That's a shame, I was really looking forward to the comments for the article below. Unfortunately I had it loaded, but hit Ctrl+R (like I sometimes do) and lost it forever. :/

The google cache got a few comments, but very few.




I missed the original posting of https://news.ycombinator.com/item?id=7015438 and it's right up my alley (now it's tomorrow morning's reading :) )

I've reposted a link to the original here - https://news.ycombinator.com/item?id=7015767

I really don't want credit, I just want the original question and the couple of responses to have the opportunity to see the day of light, despite the HN outage. So please vote up the original post!!!

"backup storage is something you never regret paying for"

Indeed, but the time and CPU it takes to do backups can be a very nasty trade off.

For that matter, as I write this, due to a mistake I made after a 85 minutes power outage yesterday, I'm just now doing my daily incremental backup of my home machines to an LTO-4 tape drive. Keeping that drive fed fast enough to prevent "shoe-shining" took some effort, Bacula spools up to 100G at a time to a partition on a single 15K disk on a separate controller. But if I had a LTO-5 drive, from what I've heard there's no single disk in existence that can keep up with a drive (not counting SSDs, which are a very poor match for this use case).

My feed array to the LTO-5 drive is 4 2TB (Hitachi) in RAID-10. Backup strategies, much like build systems are some constant factor harder than they appear.

I'd like to migrate to ZFS but have yet to. Still just running EXT4.

HN should be on a replicated data store like Riak. Losing a node or two shouldn't take the system down, or should at least run in a degraded state (read only) until hardware is restored.

Were they not using raid or performing multiple database writes? A mechanical hard drive failure is pretty common and can be mitigated fairly easily.

RAID arrays fail all the time; the system has famously been one server, and the only visible recent scaling work has been front end caching.

edit: the code has been public for a long time, and there is not a database to replicate. the site ran as a single server for years, and it is unlikely the front end caching has changed anything about the "database" components.

Since RAID failures actually are somewhat common, they are probably looking at a higher level replicated storage system now, a la DRBD, or some kind of distributed file system, a la Gluster.

Deosn't RAID usually at least give some warning if you watch the syslogs? (Genuine question, I am not a sysadmin, we have linux servers with hetzner on software raid 1 and a couple have had single-disk issues which we spotted straight away in zenoss and had hetzner replace the disk. Am I incorrect in thinking this is normal?)
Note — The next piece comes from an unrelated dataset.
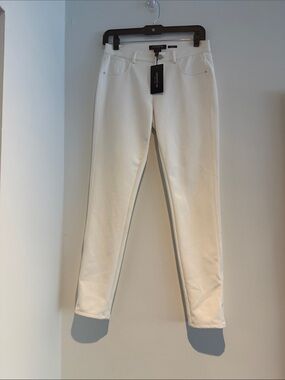 Lafayette 148 New York Women's White Skinny technical pant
RAID is a method for surviving hardware failure. If you have a software failure in, say, the VFS layer, RAID will happily accept the order to write garbage all over your inode trees and will carefully store and make sure that all the appropriate disks can return the same garbage every time. And yes, it should warn you when you need to replace a disk which is no longer returning the right garbage.

Similarly, if you rm -rf a vital directory tree, RAID can ensure that it goes away reliably.

yes you're right. so replies will now switch to how they don't stop you from deleting data, because... well, i have no idea why. it seems to just be a law of nature.

DRBD and Gluster are not any more resilient to filesystem corruption than a RAID device is. In this kind of case you hope for either real-time replicated storage on a completely separate physical host or very recent backups.

What are DRBD and Gluster if not real-time replicated storage on completely separate physical hosts?

Filesystem corruption without hardware failure is far rarer in my experience. Have you seen an instance that wasn't a proverbial user error?

You never ran reiserfs I see...

Back in ~2004 I watched IT spend a whole day recovering our 60-person startup's main Linux NFS server, due to a software bug in the storage driver. Had to rebuild the whole system from backups.

Yes, I have in fact, in a DRBD configuration. The bug was esoteric, but it happened and was not the result of user error. DRBD and Gluster both allow faults in the VFS layer to propagate to all replicas.

Gluster should by design I think avoid replicating filesystem metadata corruption (but would replicate internal metadata issues in files on top of the filesystem) but DRBD won't... At high volumes I still regularly break Gluster but it'd probably be OK for lower bandwidth/ops use. Not sure what the HN disk usage pattern is though.

IIRC Glusrerfs was the thing that gave me multiple identically-named files in the same directory. Useless.

Or, I dunnoh... writing to S3? ;-)

Databases? What databases?

HN is persisted to flat files.

I guess he meant having two separate logs. One for production, and secondary with his journal. In this case you could restore from backup the original data, and then replay rest of stuff from the external log. That's the solution I'm using with really important data where I cannot afford any data loss, even if down time is acceptable. On commit, it committed to two separate systems, but the secondary system is only journal which can be replayed.

What's odd is that if you look at your submission history, you can up vote your own submissions.

Maybe that's nothing new, but I just noticed it. Seems like a bug.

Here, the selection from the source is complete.